Foreign nationals working as domestic caregivers in Taiwan are not covered under Taiwan's Labor Standards Act and therefore not entitled to the statutory minimum wage.
The higher monthly wage will only be applied, however, to new applicants from Indonesia, the Philippines, Thailand and Vietnam, and not to those already working in Taiwan.
With the monthly pay for migrant domestic helpers in Hong Kong and Macau at NT$16,530, Taiwan hopes that the wage increase can attract quality domestic helpers to work in the country, Chen said after a meeting with officials from the four Southeast Asian countries earlier in the day.
Indonesia and the Philippines, the two countries that provide the most migrant domestic helpers in Taiwan, have pressed Taiwan for months to increase the wages for their workers to NT$17,500 per month, and have been holding back new workers from employers unwilling to pay that amount.
It was not immediately clear if the new wage settled the differences between Taiwan and the two countries.

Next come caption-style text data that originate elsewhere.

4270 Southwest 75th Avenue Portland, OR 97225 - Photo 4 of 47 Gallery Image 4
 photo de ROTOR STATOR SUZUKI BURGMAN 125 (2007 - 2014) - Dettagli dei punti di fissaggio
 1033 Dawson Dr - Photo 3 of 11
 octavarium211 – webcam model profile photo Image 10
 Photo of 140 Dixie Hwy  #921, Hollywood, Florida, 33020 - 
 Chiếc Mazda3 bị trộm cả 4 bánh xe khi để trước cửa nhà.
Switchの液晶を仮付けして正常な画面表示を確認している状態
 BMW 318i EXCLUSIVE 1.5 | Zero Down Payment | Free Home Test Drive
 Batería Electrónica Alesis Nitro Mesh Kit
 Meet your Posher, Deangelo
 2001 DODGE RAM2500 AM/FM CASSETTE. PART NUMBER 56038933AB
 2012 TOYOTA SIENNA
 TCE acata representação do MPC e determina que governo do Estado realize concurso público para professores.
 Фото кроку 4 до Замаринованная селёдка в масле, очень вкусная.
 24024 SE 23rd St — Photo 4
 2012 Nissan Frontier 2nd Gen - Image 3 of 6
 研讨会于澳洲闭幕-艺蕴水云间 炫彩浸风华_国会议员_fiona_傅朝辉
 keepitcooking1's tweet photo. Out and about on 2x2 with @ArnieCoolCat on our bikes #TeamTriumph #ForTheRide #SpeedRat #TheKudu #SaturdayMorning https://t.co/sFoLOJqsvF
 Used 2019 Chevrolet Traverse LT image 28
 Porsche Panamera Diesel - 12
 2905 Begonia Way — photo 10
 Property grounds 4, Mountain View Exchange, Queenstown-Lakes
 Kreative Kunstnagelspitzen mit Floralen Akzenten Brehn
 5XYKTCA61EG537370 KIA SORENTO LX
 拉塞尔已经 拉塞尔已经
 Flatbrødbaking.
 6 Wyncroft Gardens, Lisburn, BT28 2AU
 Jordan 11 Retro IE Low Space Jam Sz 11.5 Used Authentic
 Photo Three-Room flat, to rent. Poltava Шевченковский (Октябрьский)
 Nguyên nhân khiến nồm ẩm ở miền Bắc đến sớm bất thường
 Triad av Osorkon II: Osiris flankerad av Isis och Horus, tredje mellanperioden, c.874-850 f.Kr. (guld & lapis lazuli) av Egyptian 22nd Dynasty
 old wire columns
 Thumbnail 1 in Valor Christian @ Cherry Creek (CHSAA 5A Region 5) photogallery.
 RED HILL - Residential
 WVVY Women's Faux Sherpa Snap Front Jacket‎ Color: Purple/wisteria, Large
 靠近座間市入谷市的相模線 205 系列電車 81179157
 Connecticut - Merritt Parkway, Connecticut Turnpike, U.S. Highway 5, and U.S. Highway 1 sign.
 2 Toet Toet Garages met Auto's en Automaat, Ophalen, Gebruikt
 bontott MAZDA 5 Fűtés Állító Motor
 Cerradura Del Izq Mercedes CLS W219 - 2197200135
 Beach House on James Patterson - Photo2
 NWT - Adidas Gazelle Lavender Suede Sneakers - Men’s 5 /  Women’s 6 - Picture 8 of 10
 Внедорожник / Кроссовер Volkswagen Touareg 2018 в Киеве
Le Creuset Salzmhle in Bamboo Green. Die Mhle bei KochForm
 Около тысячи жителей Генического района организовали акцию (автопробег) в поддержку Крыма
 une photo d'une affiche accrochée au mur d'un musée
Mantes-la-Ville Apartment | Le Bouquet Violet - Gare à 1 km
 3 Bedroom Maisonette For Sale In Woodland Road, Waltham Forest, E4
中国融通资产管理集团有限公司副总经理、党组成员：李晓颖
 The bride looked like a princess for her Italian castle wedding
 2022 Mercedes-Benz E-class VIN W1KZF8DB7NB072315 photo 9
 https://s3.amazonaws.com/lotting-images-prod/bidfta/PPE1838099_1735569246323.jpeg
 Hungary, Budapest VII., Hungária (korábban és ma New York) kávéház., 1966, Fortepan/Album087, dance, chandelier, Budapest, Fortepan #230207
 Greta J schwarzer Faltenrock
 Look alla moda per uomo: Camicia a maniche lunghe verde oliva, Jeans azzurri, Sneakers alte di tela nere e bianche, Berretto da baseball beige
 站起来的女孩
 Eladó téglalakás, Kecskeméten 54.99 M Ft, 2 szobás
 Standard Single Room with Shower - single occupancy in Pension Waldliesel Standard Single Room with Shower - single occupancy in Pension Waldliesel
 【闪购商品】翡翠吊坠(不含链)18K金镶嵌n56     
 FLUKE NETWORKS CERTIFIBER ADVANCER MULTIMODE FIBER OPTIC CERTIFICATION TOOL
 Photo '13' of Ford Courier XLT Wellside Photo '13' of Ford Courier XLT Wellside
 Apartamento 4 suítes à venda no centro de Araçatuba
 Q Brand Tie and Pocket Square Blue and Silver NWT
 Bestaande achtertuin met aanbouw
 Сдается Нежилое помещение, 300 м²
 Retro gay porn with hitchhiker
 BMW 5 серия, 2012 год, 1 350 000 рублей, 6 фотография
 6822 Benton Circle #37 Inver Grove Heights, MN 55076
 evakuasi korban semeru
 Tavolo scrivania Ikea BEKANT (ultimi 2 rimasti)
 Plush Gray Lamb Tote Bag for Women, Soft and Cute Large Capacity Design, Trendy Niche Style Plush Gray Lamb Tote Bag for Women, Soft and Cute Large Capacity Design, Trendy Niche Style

But Agusdin Subiantoro, deputy director of Indonesia's National Agency for the Placement and Protection of Indonesian Migrant Workers, told CNA on Thursday that Indonesia and Taiwan had reached the agreement to increase migrant caregivers' pay to NT$17,000 after rounds of negotiations.
Groups of manpower brokers called for the ministry on Friday afternoon to require incoming migrant workers to have HIV/ AIDS testing and pregnancy tests done.
But the Labor Ministry said that considering international human rights conventions and workplace gender equality, those tests should not be requirements for those workers.